Dive Brief:
- The Cabinet Council of the Republic of Panama approved a new toll structure for the Panama Canal, according to a recent press release, set to begin October 1, 2017.
- The new structure rewards vessels carrying liquefied natural gas, liquid petroleum gas, and breakbulk vessels with more appealing tariff rates.
- It also rewards Neopanamax ships on return voyages, so long as they traverse the Canal again within 28 days of their voyage, not including time spent at Canal facilities.
Dive Insight:
When the Panama Canal opened its new locks to Neopanamax ships last year, it opened the possibility for carriers to schedule around-the-world voyages with the larger ships.
In theory, a ship can now begin its journey in Beijing, call upon the U.S. East Coast in one journey, before setting sail from the U.S. back to Asia through the Suez Canal.
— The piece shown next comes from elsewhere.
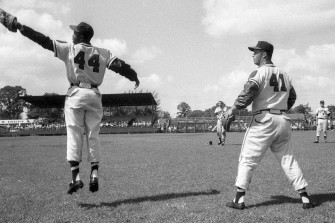 Hank Aaron Jumping On Field Ayvtmt6jff4fvzlh Wallpaper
As a result, the new locks also placed the Panama Canal in direct competition with the Suez Canal, and the two waterways have been indirectly competing for service. In just a few examples, the Panama Canal has also created programs to reward sustainable vessels, while the Suez Canal is issuing a sort of credit line to carriers for repeated use of the Waterway.
The new toll structure, depicted in the chart below, shows the Panama Canal seeks to incentivize carriers to schedule more round-trip voyages.
The change may benefit shippers just as much as carriers: Even an empty voyage back would return containers to their source, meaning shorter waits for equipment in export-heavy ports. While a simple toll change will unlikely affect rates or re-balance container availability, it does provide an incentive for carriers to modify their behavior.